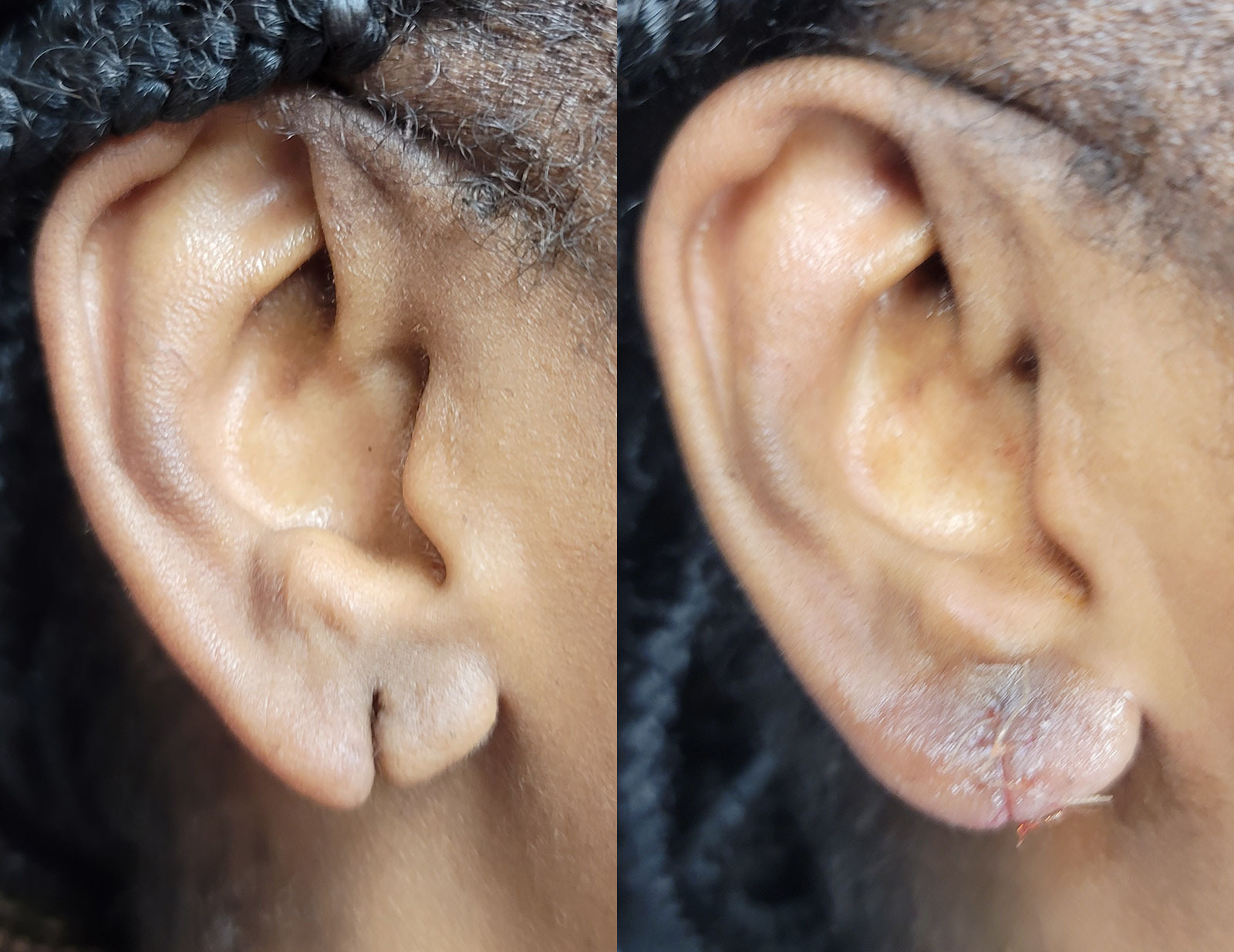 Earlobe Repair Before and After Photo by Dr. Williams in Memphis Tennessee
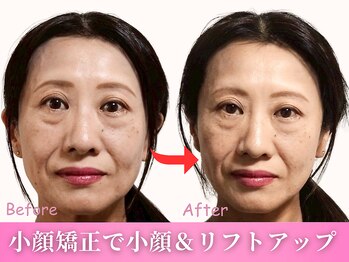 鍼灸整体院ワト 三軒茶屋院(鍼灸整体院WATO)/■小顔矯正(before→after)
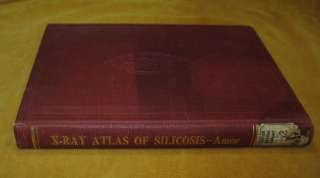 AN X RAY ATLAS OF SILICOSIS Asbestosis Asbestos Lungs Medicine 1941 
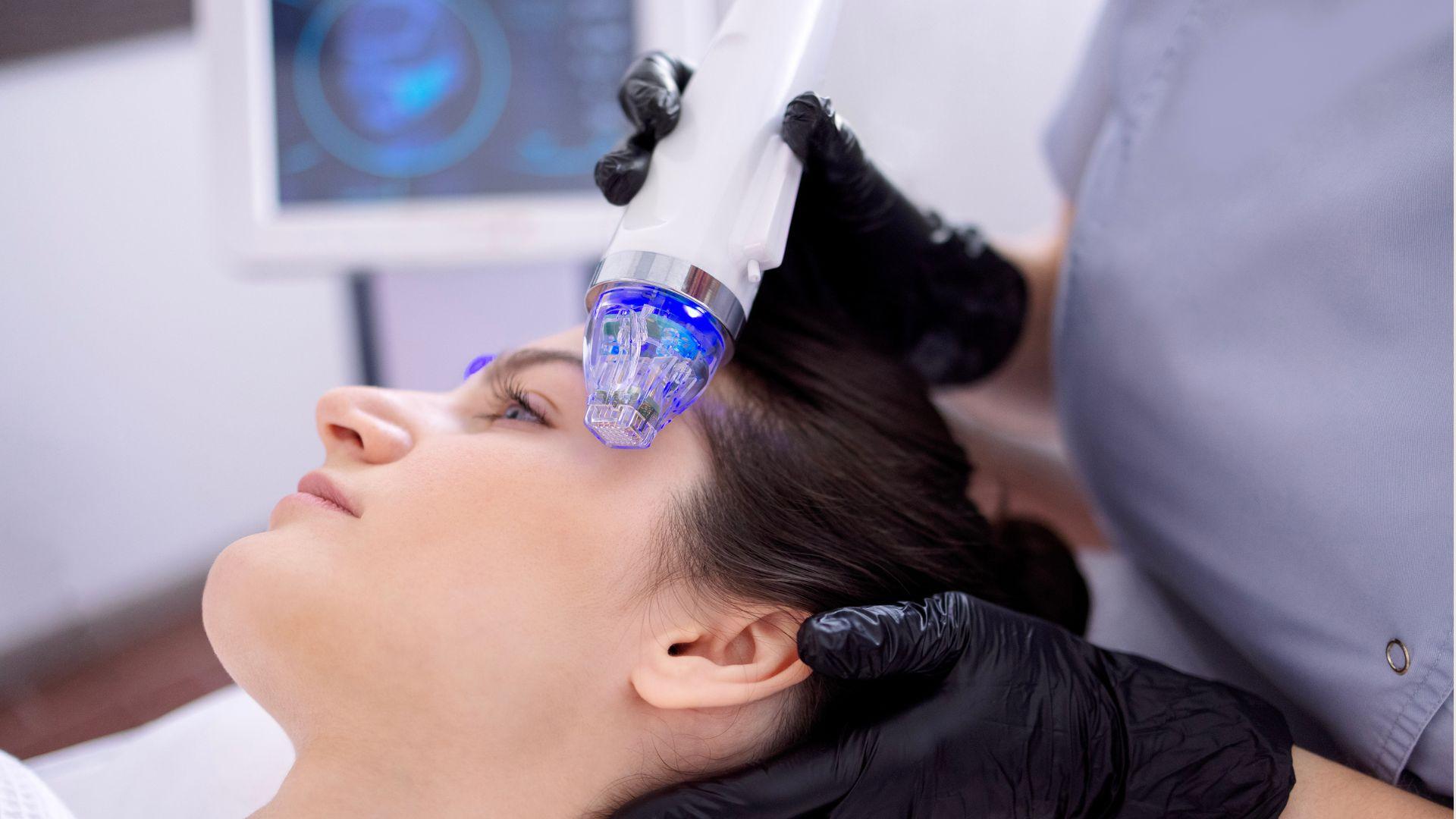 rf-microneedling-procedure-lyndhurst-what-to-expect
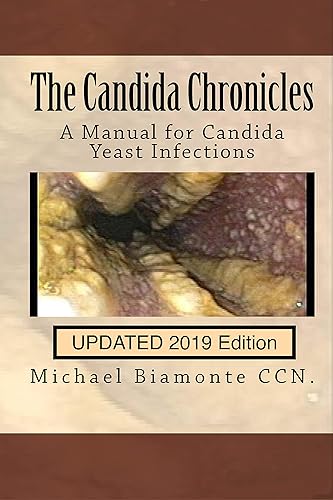 The Candida Chronicles The Updates Edition 2019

### Task requirements
Provide the listing above once more, exactly, with the pictures removed.

### Response area
 Earlobe Repair Before and After Photo by Dr. Williams in Memphis Tennessee
 鍼灸整体院ワト 三軒茶屋院(鍼灸整体院WATO)/■小顔矯正(before→after)
 AN X RAY ATLAS OF SILICOSIS Asbestosis Asbestos Lungs Medicine 1941 
 rf-microneedling-procedure-lyndhurst-what-to-expect
 The Candida Chronicles The Updates Edition 2019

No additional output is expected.